EXTRACTED ENTRIES section start
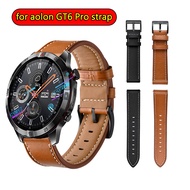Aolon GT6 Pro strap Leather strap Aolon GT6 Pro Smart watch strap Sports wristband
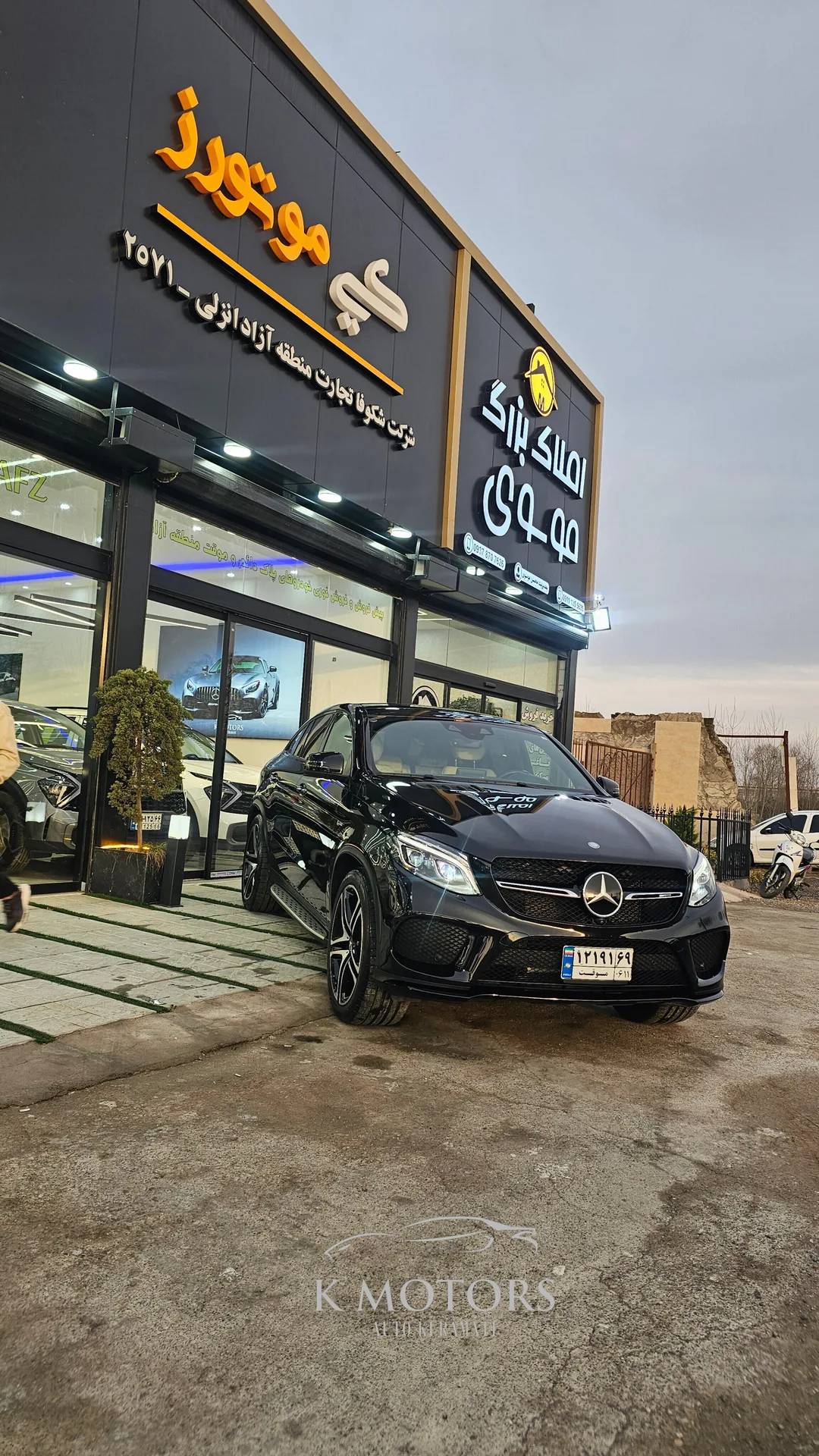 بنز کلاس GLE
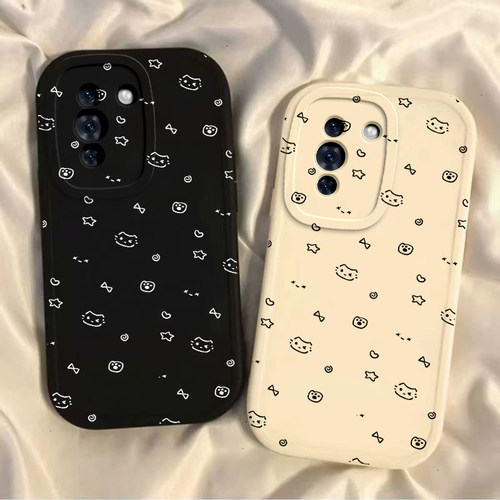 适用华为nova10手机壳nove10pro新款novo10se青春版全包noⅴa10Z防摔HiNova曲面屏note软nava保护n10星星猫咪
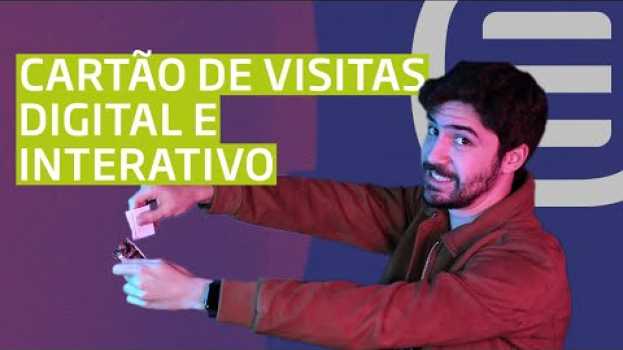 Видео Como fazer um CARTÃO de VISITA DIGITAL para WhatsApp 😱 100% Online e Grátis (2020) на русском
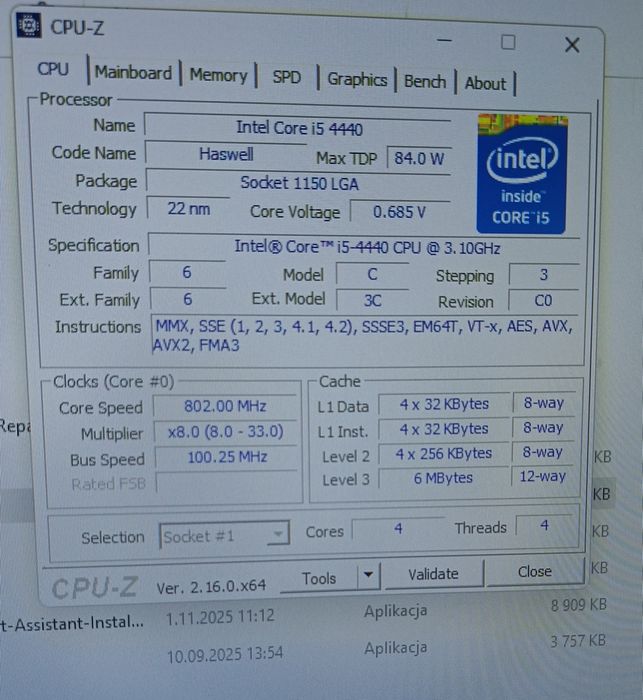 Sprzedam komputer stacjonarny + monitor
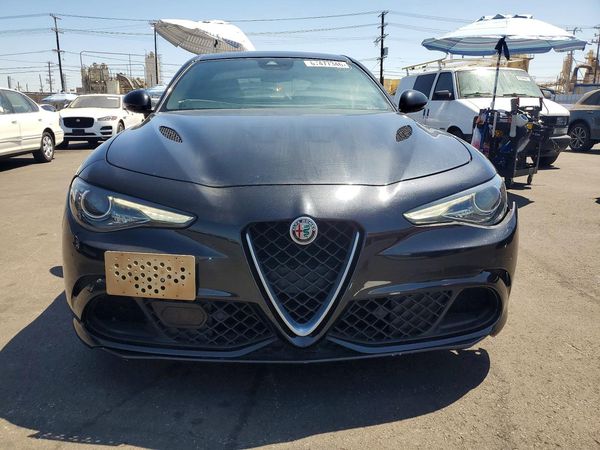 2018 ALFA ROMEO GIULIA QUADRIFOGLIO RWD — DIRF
EXTRACTED ENTRIES section end
EXTRACTED ENTRIES section start
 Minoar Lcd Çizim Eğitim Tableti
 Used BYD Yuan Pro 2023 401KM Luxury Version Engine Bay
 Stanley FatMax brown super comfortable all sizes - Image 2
EXTRACTED ENTRIES section end
From the line with "Aolon GT6 Pro strap" up to and including the line with "2018 ALFA ROMEO" above, retype every line exactly and nothing more; leave out the pictures.

- **EXERCISE RESULT**
Aolon GT6 Pro strap Leather strap Aolon GT6 Pro Smart watch strap Sports wristband
 بنز کلاس GLE
 适用华为nova10手机壳nove10pro新款novo10se青春版全包noⅴa10Z防摔HiNova曲面屏note软nava保护n10星星猫咪
 Видео Como fazer um CARTÃO de VISITA DIGITAL para WhatsApp 😱 100% Online e Grátis (2020) на русском
 Sprzedam komputer stacjonarny + monitor
 2018 ALFA ROMEO GIULIA QUADRIFOGLIO RWD — DIRF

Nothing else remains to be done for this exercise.